Psalm 73

Psalm 73 reads like a commentary on today’s world. In America, we are seeing the demise of the middle class and a significant rise in poverty. We are watching the rich get immensely richer while the poor get significantly poorer.

Across the globe, across the ages this has been a terrible truth for most of the people on the planet.

The problem is not simply that some people are rich and others are poor. The problem is the arrogance, self-righteousness and indifference prosperity can create in a person. The problem is the deep inequities that diminish and devalue the very people who are made in God’s own image and likeness.

I was envious of the arrogant;
    I saw the prosperity of the wicked.

For they have no pain;
their bodies are sound and sleek.
They are not in trouble as others are;
they are not plagued like other people.
Therefore pride is their necklace;
violence covers them like a garment.
Their eyes swell out with fatness;
their hearts overflow with follies.
They scoff and speak with malice;
loftily they threaten oppression.
They set their mouths against heaven,
and their tongues range over the earth.

The oppression of the rich over the poor is as old as humankind itself.

But what is even more troubling is the applause and approval oligarchs often receive from the very people who are crushed and burdened by their practices and policies. We’ve heard the phrase: “voting against our interests” numerous times within the American context and there is something to that phenomenon that continues to baffle us.

Therefore the people turn and praise them
    and find no fault in them.
And they say, “How can God know?
    Is there knowledge in the Most High?”
Such are the wicked;
    always at ease, they increase in riches.

What is that about? How is it that poor people continue to trust rich people?

The psalmist laments the injustice of his society. His heart and his theology tell him that wickedness will be punished and righteousness will be rewarded. But “No, Not Necessarily” is his actual experience.

All in vain I have kept my heart clean
    and washed my hands in innocence.

How do we make sense of such unbalance? Maybe it doesn’t make sense. Not in any framework that we can imagine, anyway. Maybe we need to enlarge our imagination to a cosmic scale and consider our lives within the eternal, eschatological frame of reference.

When I thought how to understand this,
    it seemed to me a wearisome task,
until I went into the sanctuary of God;
    then I perceived their end.

Truly you set them in slippery places;
    you make them fall to ruin.
How they are destroyed in a moment,
    swept away utterly by terrors!
They are like a dream when one awakes;
    on awaking you despise their phantoms.

Jesus told a parable about the rich man and the man Lazarus who begged for a morsel as he sat homeless outside the rich man’s gate. The cosmic, divine justice in the story is either comforting or chilling – depending on where we see ourselves.

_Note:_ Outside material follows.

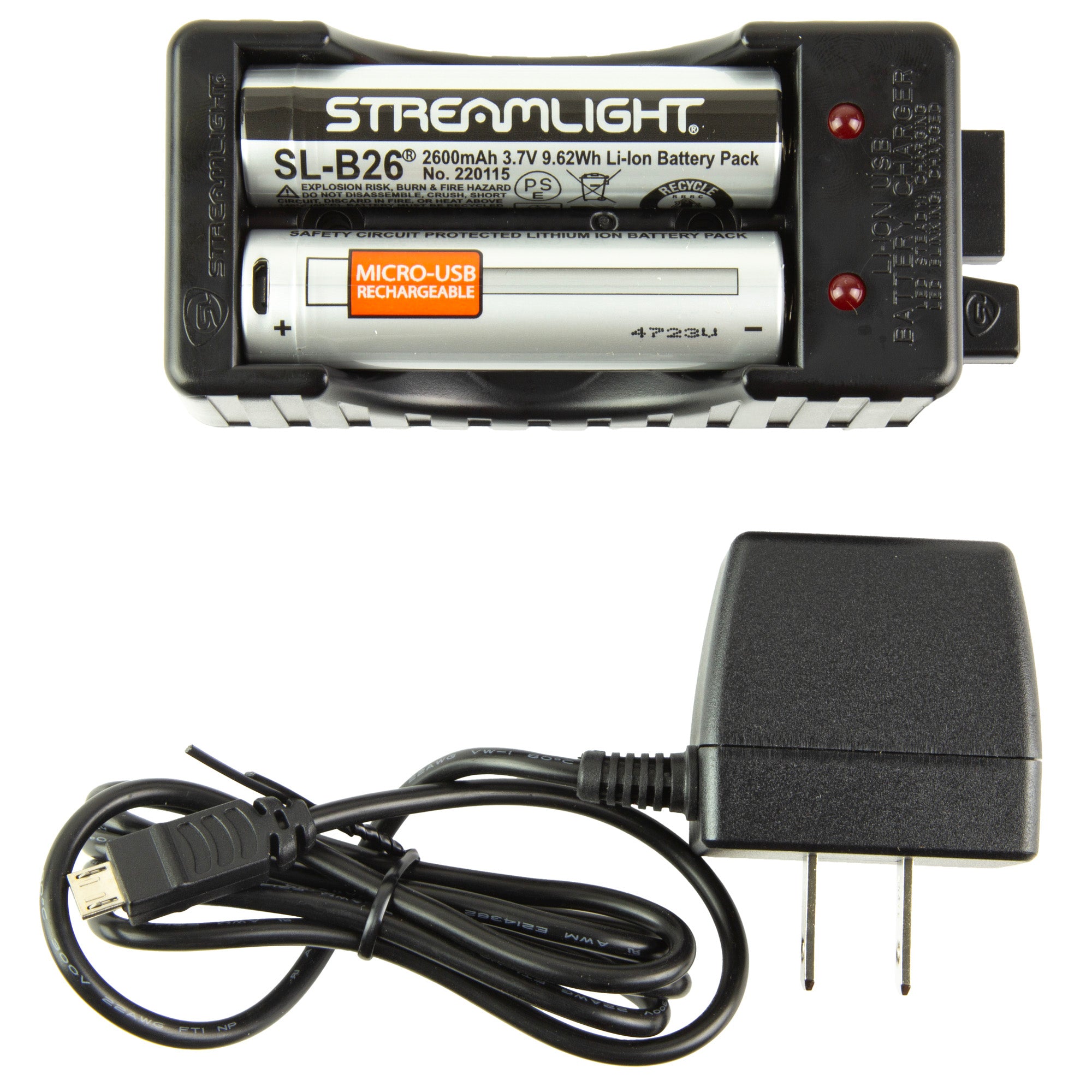 Streamlight SL-B26 Charger Kit with 18650 Lithium-Ion Batteries and Dual Power Inputs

When Jesus taught the truths of the upside-down, inside-out beatitudes, poverty was clearly at the front of his mind. “Blessed are the poor…” Luke’s gospel says. “Blessed are the poor in spirit…” Matthew softens just a bit. The point is: truth isn’t what we see and know with our human eyes; the truth of God’s eternal right-making often can only be seen with the eyes of faith.

When my soul was embittered,
    when I was pricked in heart,
I was stupid and ignorant…

It is faith that allows us to grasp some inkling of God’s work of Shalom within the universe. It is faith that allows us to wait without bitterness and envy.

It is faith that motivates us to work on behalf of God’s justice.

Whom have I in heaven but you?
    And there is nothing on earth that I desire other than you.
My flesh and my heart may fail,
    but God is the strength of my heart and my portion forever.

Indeed, those who are far from you will perish;
you put an end to those who are false to you.
But for me it is good to be near God;
I have made the Lord God my refuge,
to tell of all your works.

Scripture comes to us from the bottom. The Hebrew texts and the Christian writings all came from the hands and the hearts and the experiences of the poor, the oppressed, and the vulnerable. When Emperor Constantine declared Christianity to be the official state religion of Rome, Scripture began to be read through the lens of privilege and began to be interpreted for the advantage of those in power.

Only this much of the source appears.